**Work order**
Repeat every line from the line containing "Then you're going" to the end of the data, exactly. Leave the pictures out.

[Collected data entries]

*** Begin section ***

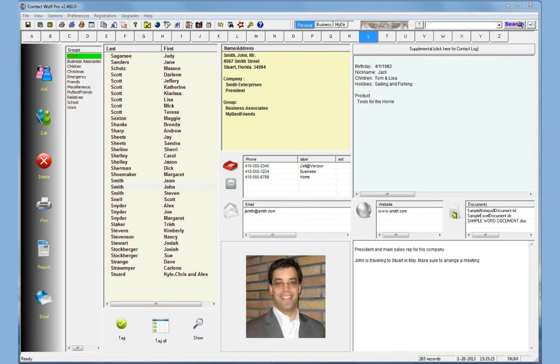Hi, I'm Patrick with Lone Wolf Software. This is a quick demo for our product Contact Wolf Contact Management Software.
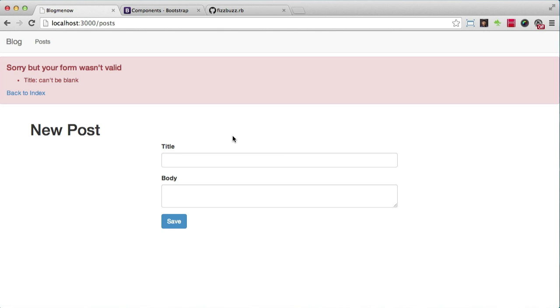Hey guys, welcome to another episode of a Shot of Rails. Today I'm going to be talking about hash selector pattern and I've added a few more things to my flash helper.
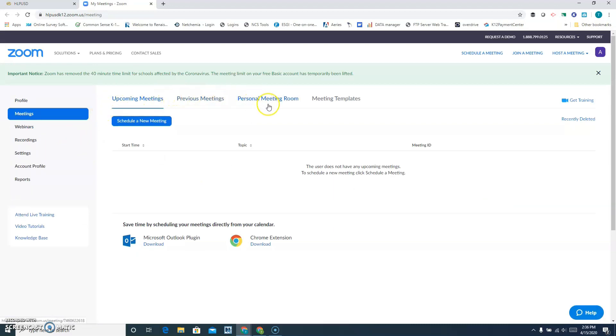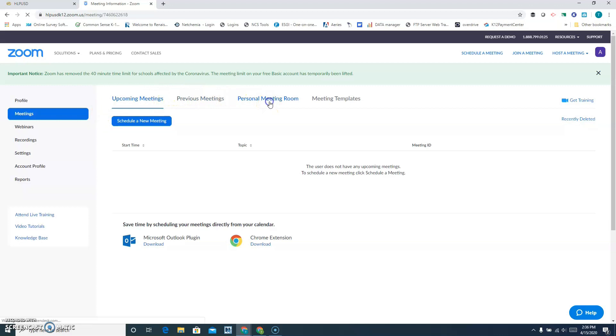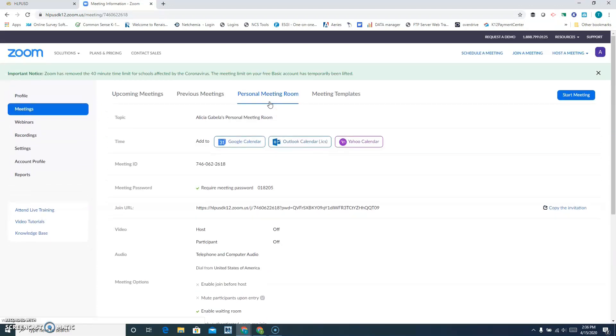Then you're going to click on the third tab called Personal Meeting Room. From here you're going to start your meeting. Click on that and it will bring you into your actual meeting room. If you have any kids waiting there, you can go ahead and admit them.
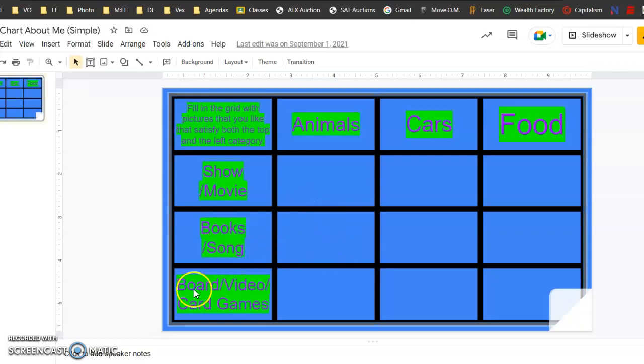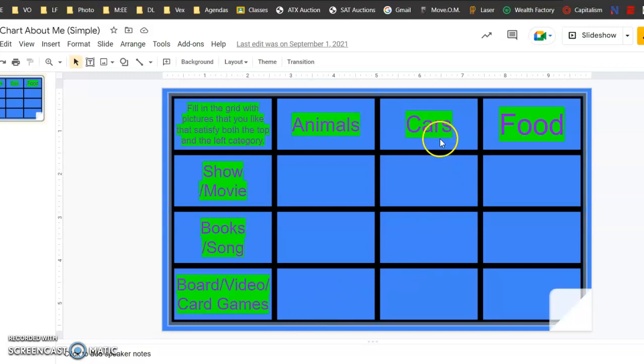I need a board game, video game, or card game about animals. The same about cars.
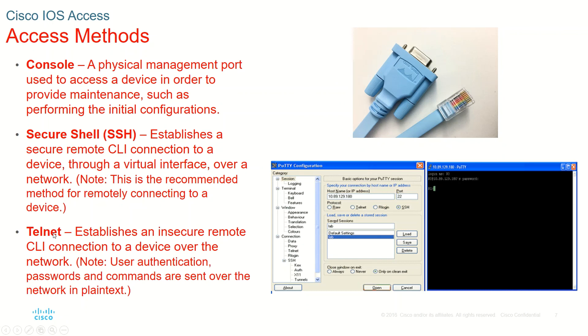And then we have Telnet, which is another type of again a virtual remote connection that can be done. It gives you command line interface for configuring over the network. The only thing with Telnet is that there is less security in Telnet, whereas in Secure Shell there is more security.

*** End section ***

**Answer to this task**
Then you're going to click on the third tab called Personal Meeting Room. From here you're going to start your meeting. Click on that and it will bring you into your actual meeting room. If you have any kids waiting there, you can go ahead and admit them.
I need a board game, video game, or card game about animals. The same about cars.
And then we have Telnet, which is another type of again a virtual remote connection that can be done. It gives you command line interface for configuring over the network. The only thing with Telnet is that there is less security in Telnet, whereas in Secure Shell there is more security.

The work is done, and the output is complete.